3. How would we tackle large document embeddings? I'm guessing out of the box you'll just create vectors for the entire document, but I'm trying to think through how we can segment large documents. (some of our documents represent large pdf reports).
4. how does using embeddings affect typesense cloud pricing?
5. how do synonyms interact with the embeddings?
A few questions...I know...But not urgent just interested in how you're thinking about it.

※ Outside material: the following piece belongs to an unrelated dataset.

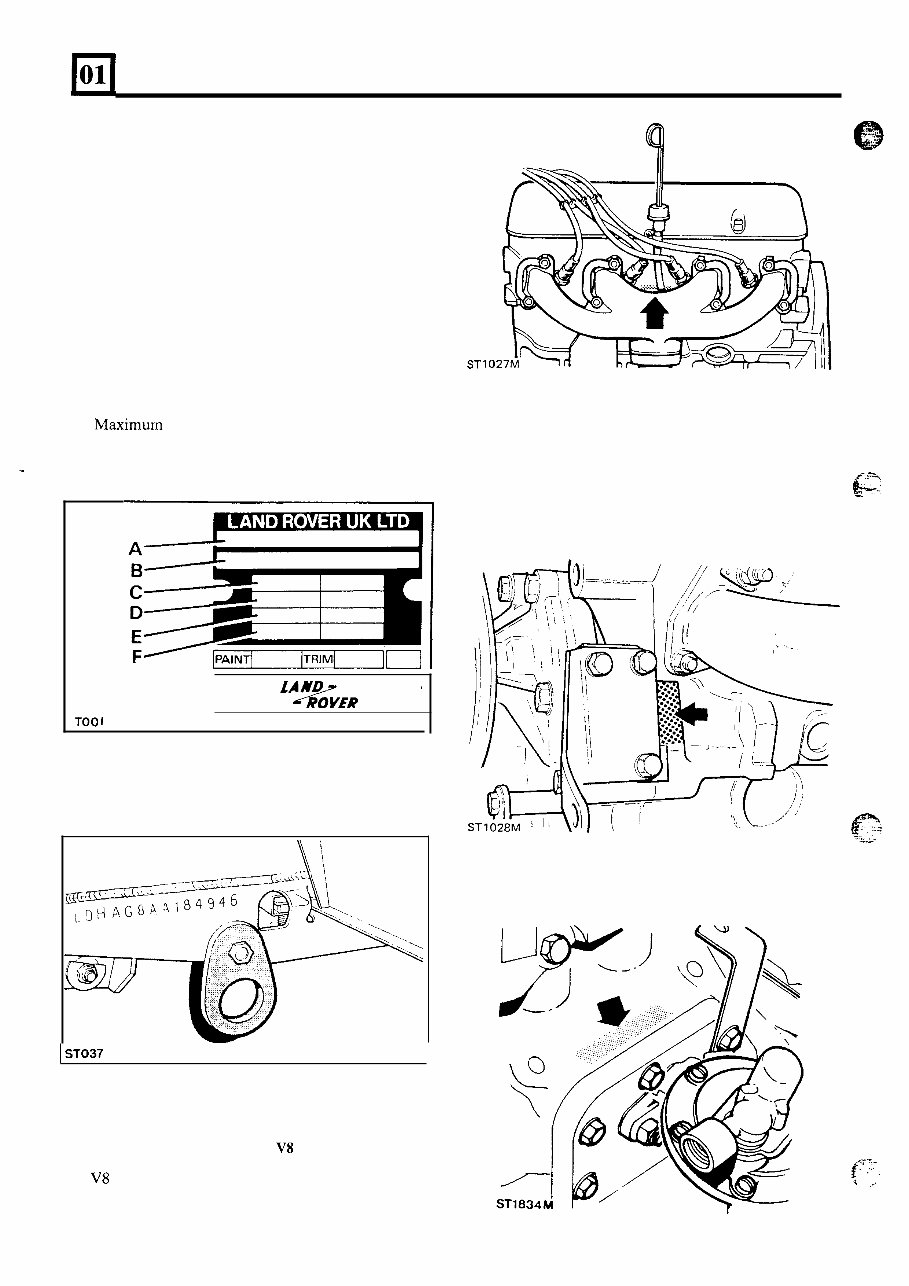 1983-1990 Land Rover Defender 110 Service & Repair Manual preview img 8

Thank you guys for all your hardwork!
Jason
Photo of md5-8813087cccc512313602b6d9f9ece19f
Jason
11:26 PM
> Will it be possible to combine this with highlights? I know that’s tricky but if anyone can figure it out it’s you guys 😉
Haha! If you do a hybrid search (keyword + semantic search combined) then we will highlight the keywords

> What are the options for embedding models? Is the embedding interface generic enough to use external tools like GCP apis? Or does it depend on what you guys ship with it?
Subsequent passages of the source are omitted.